Lisa Rudley, Westchester parent and founding member of NYSAPE, built on that point, “Despite the fact that Opportunity to Learn (OTL) factors such as class size, number of guidance counselors, physical education offerings etc. were the top priority of respondents to NYSED’s own accountability indicator survey, the state opted not to include an OTL Index in its ESSA plan. Instead, the plan places greater emphasis on attendance and on participation in advanced coursework.”

Rudley went on to say, “While chronic absenteeism has a significant impact on student achievement, emphasizing this factor in the accountability system will unfairly stigmatize schools with large numbers of poor and homeless students (the average homeless student in NYC, for example, misses 88 days of school)–without addressing any of the underlying causes of student mobility. Mandating advanced coursework might at first seem unobjectionable, but this emphasis will almost certainly cause some schools to divert resources away from enrichment programs and important foundational courses like art or music and into excessive AP courses that students may neither want nor are prepared for.”   

“During Commissioner Elia’s statewide ESSA listening tour, some of the most compelling testimony came from faculty and students who teach at or attend transfer high schools. Nonetheless, the NYS ESSA plan will heartlessly and wrongly identify these schools which serve high-needs and over-age students as being in need of improvement, even though many of them demonstrate successful outcomes with their students,” added Janine Sopp, NYC parent.  

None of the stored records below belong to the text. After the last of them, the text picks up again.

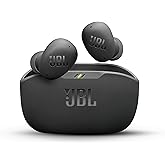 JBL Wave Buds 2 Ear Buds Wireless BluetoothV5.3, Active Noise Cancellation EarBuds,Multi Connect, App for Customized Extra Bass Eq, Relax Mode,Speed C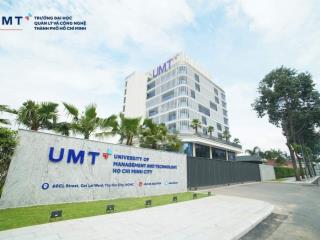 Bán đất sổ đỏ cát lái, đường 50cl, dt 7x20m, đường thông thẳng tới trường đại học umt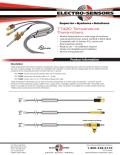  Sensors-TT-420 Temperature Transmitters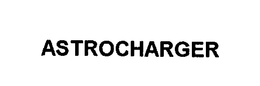 ASTROCHARGER trademark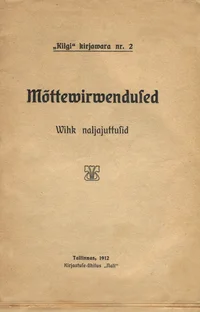 Mõttevirvendused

​Eileen Graham, a Rochester parent expressed frustration, “Our leaders are fixated on standards and assessments, not what is best for the growth and development of children. We cannot keep allowing money to drive critical decision making. Children are brilliant, natural learners, who love to explore, and teach us as well. Children and teachers should not be treated as standards or assembly-line products, but should be empowered to learn in ways that will change their lives and the world around them. Parents and children feel abandoned and opt out is the only way we can fight for what we expect and deserve.”

Parents are no longer content with crumbs, baby steps, and the lesser of evils. These are our children and they are running out of time. For many it is already too late. This was a huge opportunity to put New York on the right educational path and once again we chose the path of test-based accountability and standards written without grade-level practitioner expertise. We intend to hold the Regents to their promise that they will continue to revise the Next Generation Learning Standards and add more Opportunity to Learn factors to our accountability system.  And we will continue to ensure that schools pay attention to these issues and focus on providing students with what matters: a quality education and a real chance to thrive.

​NYSAPE is a grassroots coalition with over 50 parent and educator groups across the state.